*Instructions to follow:*
Wherever the string "image" appears in the listing, copy that line.

+===+

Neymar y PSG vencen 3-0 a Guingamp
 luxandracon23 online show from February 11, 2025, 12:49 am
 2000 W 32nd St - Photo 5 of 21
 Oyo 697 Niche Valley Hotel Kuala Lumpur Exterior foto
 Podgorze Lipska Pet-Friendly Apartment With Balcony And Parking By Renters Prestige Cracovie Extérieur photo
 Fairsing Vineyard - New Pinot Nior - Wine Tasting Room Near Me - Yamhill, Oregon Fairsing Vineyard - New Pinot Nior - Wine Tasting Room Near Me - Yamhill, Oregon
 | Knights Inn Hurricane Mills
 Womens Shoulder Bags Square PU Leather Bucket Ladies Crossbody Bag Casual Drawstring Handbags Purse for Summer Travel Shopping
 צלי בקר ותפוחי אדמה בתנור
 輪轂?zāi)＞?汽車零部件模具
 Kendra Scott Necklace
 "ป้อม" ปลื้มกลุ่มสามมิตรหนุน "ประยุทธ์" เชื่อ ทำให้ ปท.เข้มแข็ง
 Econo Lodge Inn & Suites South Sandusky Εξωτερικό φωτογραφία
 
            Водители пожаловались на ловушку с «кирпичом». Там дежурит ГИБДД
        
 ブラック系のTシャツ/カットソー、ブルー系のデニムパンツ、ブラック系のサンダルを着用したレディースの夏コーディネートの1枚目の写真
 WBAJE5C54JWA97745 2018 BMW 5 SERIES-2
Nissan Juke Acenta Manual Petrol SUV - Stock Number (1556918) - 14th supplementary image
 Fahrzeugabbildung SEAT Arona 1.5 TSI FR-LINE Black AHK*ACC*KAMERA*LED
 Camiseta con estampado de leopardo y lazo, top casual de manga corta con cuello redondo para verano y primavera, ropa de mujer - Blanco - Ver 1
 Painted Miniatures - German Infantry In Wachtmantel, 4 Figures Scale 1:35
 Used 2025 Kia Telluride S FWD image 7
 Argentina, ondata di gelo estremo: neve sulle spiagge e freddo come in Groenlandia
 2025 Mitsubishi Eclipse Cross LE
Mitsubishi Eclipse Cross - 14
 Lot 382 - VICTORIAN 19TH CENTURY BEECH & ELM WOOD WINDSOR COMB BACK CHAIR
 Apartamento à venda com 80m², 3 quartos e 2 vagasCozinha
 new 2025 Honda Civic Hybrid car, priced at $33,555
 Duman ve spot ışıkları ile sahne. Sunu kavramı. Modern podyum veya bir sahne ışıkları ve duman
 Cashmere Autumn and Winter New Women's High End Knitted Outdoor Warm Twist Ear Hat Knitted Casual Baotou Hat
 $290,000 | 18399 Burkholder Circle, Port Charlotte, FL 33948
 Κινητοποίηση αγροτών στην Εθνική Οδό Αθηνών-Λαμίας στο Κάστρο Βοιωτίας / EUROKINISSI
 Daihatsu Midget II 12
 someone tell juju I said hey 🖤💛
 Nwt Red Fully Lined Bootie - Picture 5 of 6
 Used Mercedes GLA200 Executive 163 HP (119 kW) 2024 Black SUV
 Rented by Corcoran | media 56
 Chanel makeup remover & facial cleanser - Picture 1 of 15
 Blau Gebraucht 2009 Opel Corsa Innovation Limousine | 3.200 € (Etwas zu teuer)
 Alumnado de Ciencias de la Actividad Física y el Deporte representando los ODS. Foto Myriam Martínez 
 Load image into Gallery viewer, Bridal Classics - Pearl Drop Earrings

+===+

*Answer to this task:*
Nissan Juke Acenta Manual Petrol SUV - Stock Number (1556918) - 14th supplementary image
 Used 2025 Kia Telluride S FWD image 7
 Load image into Gallery viewer, Bridal Classics - Pearl Drop Earrings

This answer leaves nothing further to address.